OpenIddict related config in Startup.ConfigureServices:
services.AddOpenIddict()
.AddCore(options => {
options.AddApplicationStore<ClientStore>();
options.UseEntityFramework()
.UseDbContext<OAuthServerDbContext>()
.ReplaceDefaultEntities<Client, Authorization, OAuthScope, Token, long>()
;
})
.AddServer(options => {
options.RegisterClaims();
options.RegisterScopes(OpenIddictConstants.Scopes.OpenId,
OpenIddictConstants.Scopes.Email,
OpenIddictConstants.Scopes.OfflineAccess,
OpenIddictConstants.Scopes.Profile,
"user");
// flows
options.AllowAuthorizationCodeFlow();
options.AllowRefreshTokenFlow();
options.AllowPasswordFlow();
options.AllowHybridFlow();
// implicit is used by postman
options.AllowImplicitFlow();
var serviceProvider = options.Services.BuildServiceProvider();
var oauthConstants = serviceProvider.GetRequiredService<IOptions<OAuthConstants>>().Value;
var tokenLifetimes = serviceProvider
.GetRequiredService<IOptions<OpenIdConnectServerTokenLifetimeSettings>>().Value;
// security
options.SetAccessTokenLifetime(tokenLifetimes.AccessTokenLifetime)
.SetAuthorizationCodeLifetime(tokenLifetimes.AuthorizationCodeLifetime)
.SetIdentityTokenLifetime(tokenLifetimes.IdentityTokenLifetime)
.SetRefreshTokenLifetime(tokenLifetimes.RefreshTokenLifetime);
options.SetIssuer(new Uri("https://localhost/oauth/"));
// custom handlers added here
options.AddEventHandlers();
// certificate details hidden
options.AddEncryptionCertificate(certificate);
// endpoints
options.SetAuthorizationEndpointUris("/OpenIdConnect/Authorize");
options.SetLogoutEndpointUris("/OpenIdConnect/Logout", "/Account/Logout");
options.SetRevocationEndpointUris("/OpenIdConnect/Revoke");
options.SetTokenEndpointUris("/OpenIdConnect/Token");
options.SetCryptographyEndpointUris("/OpenIdConnect/JWKDoc");
options.SetUserinfoEndpointUris("/OpenIdConnect/UserInfo");
options.UseAspNetCore()
.EnableStatusCodePagesIntegration()
.EnableAuthorizationEndpointPassthrough()

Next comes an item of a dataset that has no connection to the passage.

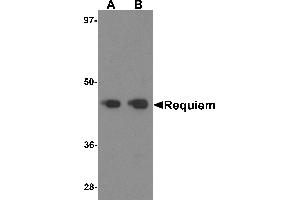 Western blot analysis of Requiem in mouse kidney tissue lysate with Requiem antibody at 1 µg/mL. (DPF2 anticorps  (C-Term))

//.EnableTokenEndpointPassthrough()
.EnableLogoutEndpointPassthrough()
.EnableUserinfoEndpointPassthrough()
;
})
.AddValidation(options => {
options.UseLocalServer();
options.UseAspNetCore();
var serviceProvider = options.Services.BuildServiceProvider();
var config = serviceProvider.GetRequiredService<IConfiguration>();
options.SetClientId(config.GetValue<string>(nameof(Settings.OAuthClientId)));
options.SetClientSecret(config.GetValue<string>(nameof(Settings.ClientSecret)));
// certificate details hidden
options.AddEncryptionCertificate(certificate);
});
Postman details:
Authorization Token Name: Redacted Grant Type: Authorization Code Callback URL: disabled, https://oauth.pstmn.io/v1/callback Authorize using browser: checked Auth URL: https://localhost/oauth/OpenIdConnect/Authorize Access Token URL: https://localhost/oauth/OpenIdConnect/Token Client ID: redacted, but correct Client Secret: redacted, but correct Scope: openid offline_access State: Client Authentication: Send client credentials in body
edit: The response that it sends to the postman callback URI does include the authorization code in the body, but because of the 403 response, Postman doesn't parse that out and make the follow-up request to exchange the code for the token.
CodePudding user response:
There is an option that you can set to control if the authorization code is received in the URL as a query string or in the body as a post. The option is response_mode and you control that as a client.
I believe if it is not set to response_mode=form_post, then you will get the code in the URL instead.
See the details about this parameter here.